You've learned HTML. You've built your website. It looks just fine. Why should you bother to learn CSS? Why should you overhaul your existing site to use CSS? More to the point, why should you spend time that you could be using doing other important things learning and implementing CSS? Is it really worth it? The short answer is "probably so". Here are a few of the benefits:
* Faster downloads: In spite of dramatic increases in the numbers of people with broadband internet connections, adoption is still nowhere near universal. Research shows that if your pages take too long to download, you'll lose visitors. CSS can decrease download times in a number of ways, including reducing the total amount of markup required to format your webpages, and moving styling into a separate file which is referenced by all your webpages, and thus only needs to be loaded once.
* Less bandwidth consumption: Along with faster downloads comes less bandwidth consumption. If you're paying extra because you exceed your bandwidth quota, or are at risk of doing so, CSS can help.
* Dramatically easier site design updates: If the colors, fonts, sizes, layout, and other design elements of your site are specified in a central CSS file, you can update your entire site without having to alter every single file.

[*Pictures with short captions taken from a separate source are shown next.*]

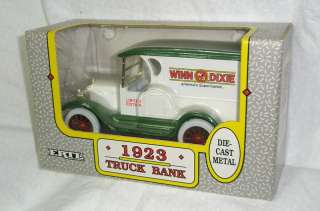 1923 Winn Dixie truck bank by Ertl die cast metal  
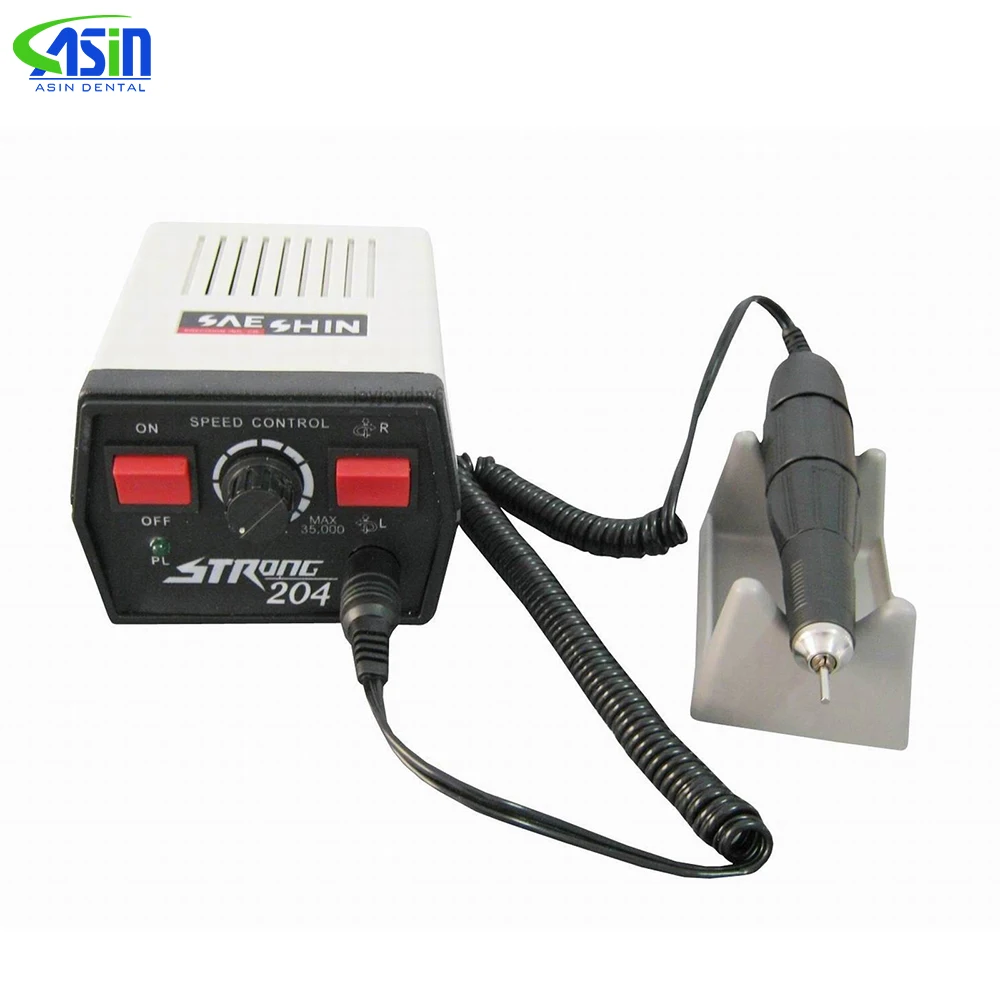 

Strong 204 with 102L handpiece Electric Micro Motor Dental jewelry engraving nail beauty polisher School teaching grinder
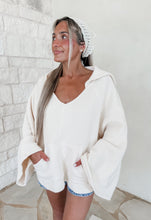 Load image into Gallery viewer, Through The Seasons V Neck Hoodie - Oatmeal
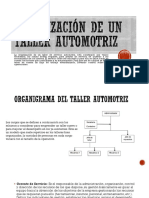 Organizacion de Un Taller Automotriz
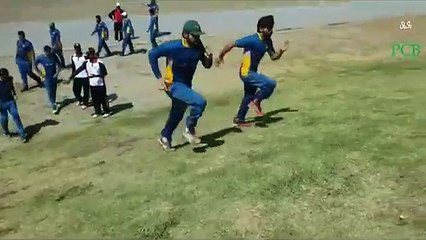 Pakistan Cricket Team summer fitness boot camp at ASPT Kakul_4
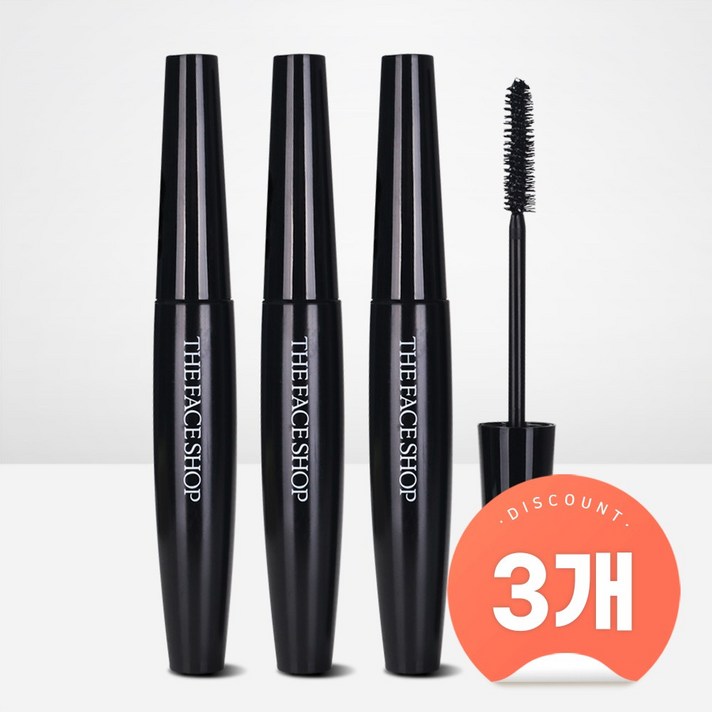 더페이스샵 프레시안 빅 마스카라, 1호 컬링, 3개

The same applies to editing single files: if you want to change the size, color, font, etc. of all the <h2> headers on a page, CSS enables you to do so with a single, compact statement, rather than having to add or edit HTML tags on every single one.
* Easier creation of new webpages: When the time comes to add a page to your site, it will be much quicker and easier if you can simply reference styles from an existing stylesheet rather than having to perform all of the formatting tasks over and over.
* More control of styling: Without CSS, your webpages can only have one color for visited links, one for links being hovered over, and one for links being clicked. With CSS, you can set these colors separately for different parts of the page (for example, sections that have different background colors). CSS also enables you to set different background colors and other styling for each of these link states. These are just a few examples of the kind of styling control that CSS gives you.
I'm not saying that converting to CSS should be business priority number one. But if you'll invest a little time into learning and implementing CSS now, you'll reap the benefits for a long time.